Goal of the exercise: Nothing is needed except the lines below that run from the one with "Thumbnail: 2021 Jeep Wrangler - 12" through the one with "Detail Gallery Image", repeated exactly.

Exercise data:
=====
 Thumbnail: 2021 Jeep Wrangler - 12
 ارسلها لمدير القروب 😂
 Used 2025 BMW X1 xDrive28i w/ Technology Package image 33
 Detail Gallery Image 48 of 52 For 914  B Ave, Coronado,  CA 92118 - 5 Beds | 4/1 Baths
=====
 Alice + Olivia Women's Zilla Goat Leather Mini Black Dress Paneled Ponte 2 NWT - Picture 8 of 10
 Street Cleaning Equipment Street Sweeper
=====
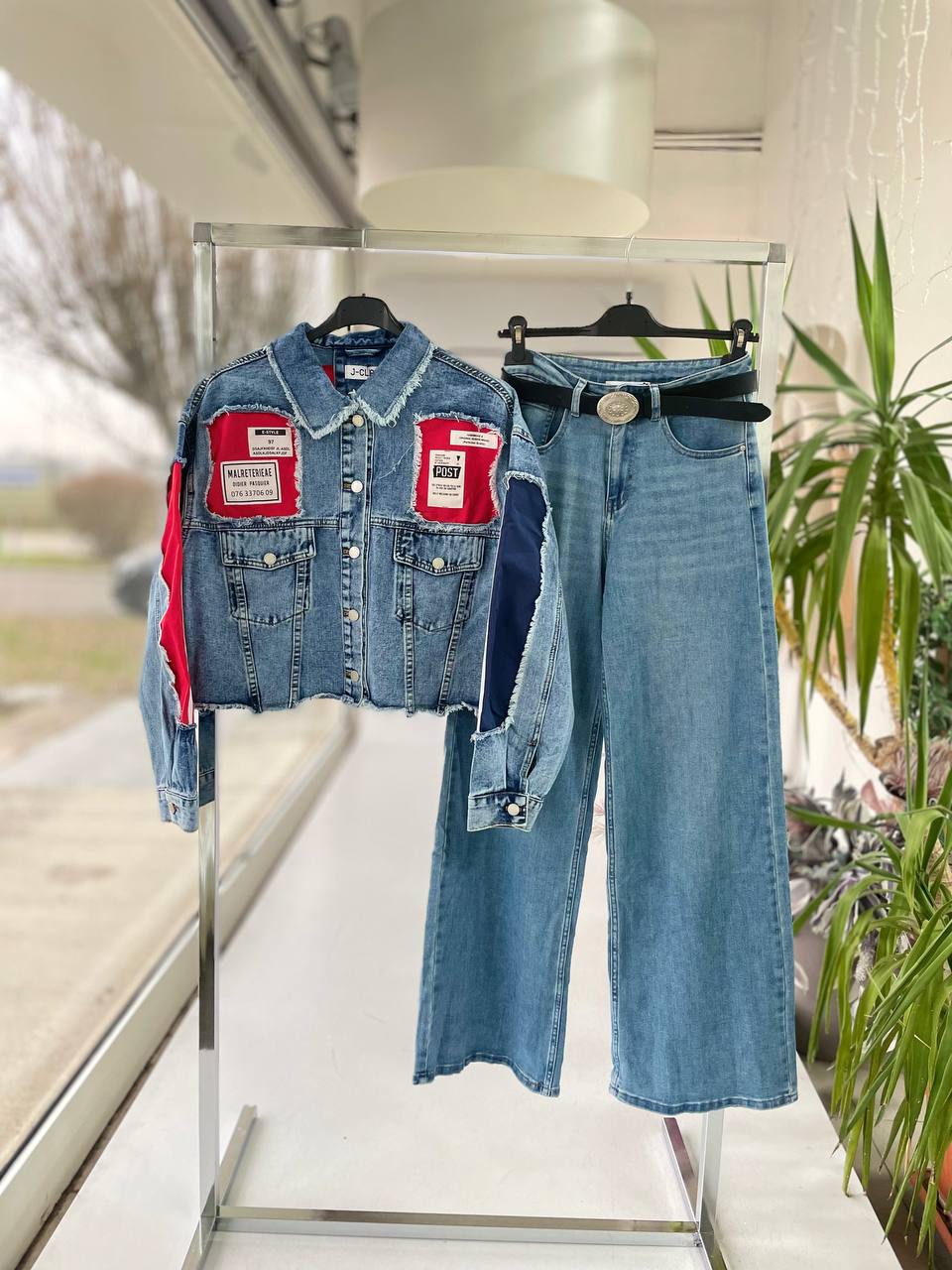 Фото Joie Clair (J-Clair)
=====
Answer:
 Thumbnail: 2021 Jeep Wrangler - 12
 ارسلها لمدير القروب 😂
 Used 2025 BMW X1 xDrive28i w/ Technology Package image 33
 Detail Gallery Image 48 of 52 For 914  B Ave, Coronado,  CA 92118 - 5 Beds | 4/1 Baths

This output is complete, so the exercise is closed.